Manny Pacquiao and Floyd Mayweather Jr. will forever be intertwined. Regardless of whether they actually fight or not, just by virtue of them dancing around each other for three years, the two will always be linked in boxing lore. How will they be remembered? Well, unless something drastic happens over the next 12 months, they will likely be remembered as two of the greatest fighters from the same generation to never fight one another.
The really interesting thing about this pair’s so-called rivalry is the certainty with which each boxer’s supporters believe that their guy is superior to the other. Pacquiao’s fans, no matter what anyone says or does, will always believe that in his heyday the Filipino star could have won this Super Fight. Similarly, Mayweather’s fans, regardless of their guy’s undeniable resistance towards actually making this a reality, firmly and unequivocally believe that Pacquiao would have had no answers for their guy.

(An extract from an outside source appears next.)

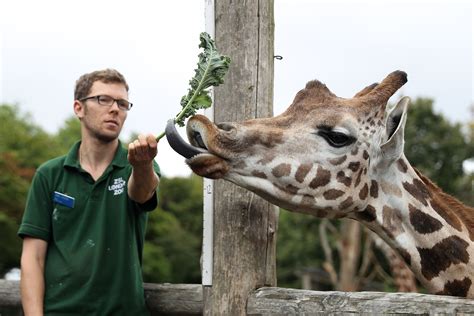 Zoologists In A Zoo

Both sides raise interesting points. Mayweather is one of the greatest counter-punchers of all time; counter-punchers, particularly really good ones, have always given Pacquiao a lot of trouble. That being said, a lot of Mayweather’s domination stemmed from him being so much faster than all of his foes; Pacquiao, in his prime, would have negated that advantage to at least some degree.
Alas, this is all speculative. But given the fact that we may never see this thing materialize, speculation is all we really have at this point.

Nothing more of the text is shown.